Bu tip olayların bir şekilde kendine ait iyi yönetilmesini temin edebilmek için. HDP`nin Ankara`da yaptığı kongreye ben müdahale ettim. Neden? Bir güvenlik temini için müdahale ettim. Onların bilgisi dahilinde. İşin bir arka perdesi var. Ben bunun iklimini İçişleri Bakanı olarak düşünmek zorundayım. Bir cinsel taciz söz konusuysa orada yakalanan kişinin ilçede karakola alınmamasına kadar müdahale etmek zorundayım. O ilçede o kişi karakola alınırsa insanlar oraya yıkılır ve toplumsal hadise meydana gelir. Bu tip toplumsal olayların tamamında devreye girerim. Ankara`daki cenazede girdiğim gibi. Aysel Tuğluk olayında olduğu gibi. Kalktım oraya gittim. Bir İçişleri Bakanı nasıl mezarlığa gider? Anında müdahale edemezsiniz, toplumsal olaylar beklemediğiniz noktaya itilir. Ali Koç`a `rica ederseniz, böyle bir mesele olduğunu` dedi.

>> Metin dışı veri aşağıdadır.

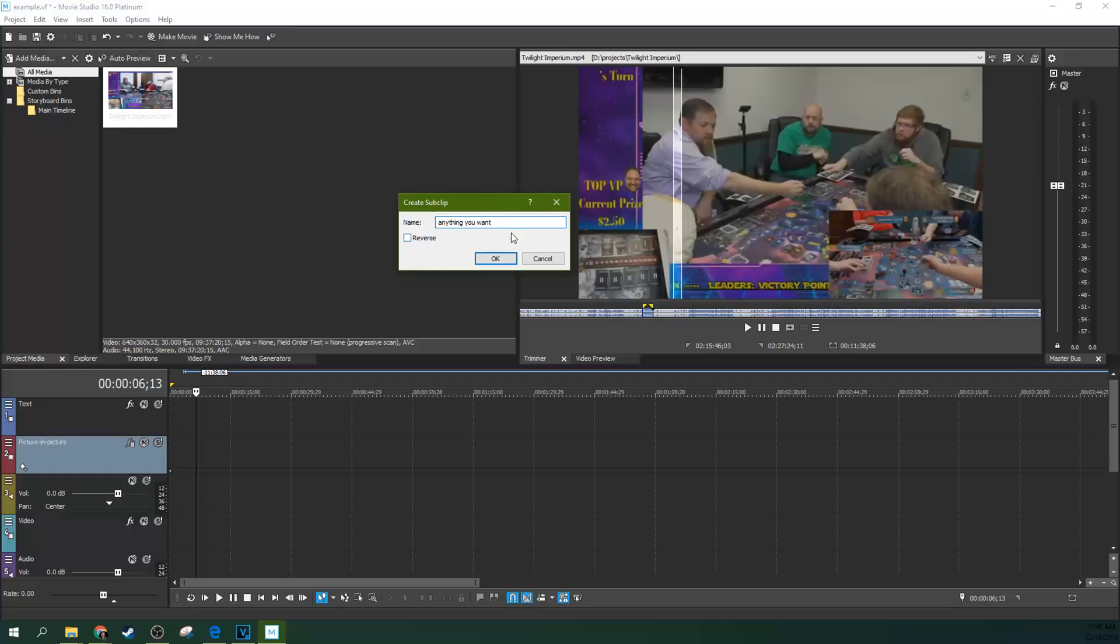But most of the time you won't be reversing things unless you're trying to do Force Power. So that's a topic for another video. So you can name this anything you want. Definitely name it something like Good Shot or Good Two Shot or Good Full Shot or whatever you're editing.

O da dedi ki, `Sizin isminizi verebilir miyim` dedi. Ben de `memnuniyetle` dedim. `Benim sizden istirhamım bir daha rica edin` dedim. `Bakan beni arasın` demiş. Ben de Ali Koç`a, `Üzerimizdeki sorumluluğu attık, tedbirlerinizi siz de biz de arttıralım` dedim.
"HDP PKK`NIN SİYASİ KOLUDUR! PKK A DEMEDEN HDP A DİYEMEZ"
SEVİLAY YILMAN: Buradaki olay kollektif. Mesut Yılmaz`a, Süleyman Demirel`e, Taner Yıldız`a atılan yumruk gibi.
SOYLU: Ben her olayın iklimi ayrıdır dedim.
YILMAN: Evin etrafındaki o kollektif öfke ve içeride ana muhalefet liderinin deliler gibi öldürülme, linç edilme isteği. Allah korusun iyi ki Hulusi Bey oradaydı. İyi ki emniyet müdürleri devreye girdi. Allah korudu. O insanlar o öfkeye nasıl o hale getirildiler. Siyasetçi olarak söylemleriniz, ifadeleriniz, CHP`lilerin HDP ve dolayısıyla PKK ile işbirliği, terörden CHP`den sorumlu olduğu söylemleriniz etkili olduğunu düşünüyor musunuz? Fazla ileri gittik, siyasete fazla kaptırdık kendimizi diyor musunuz?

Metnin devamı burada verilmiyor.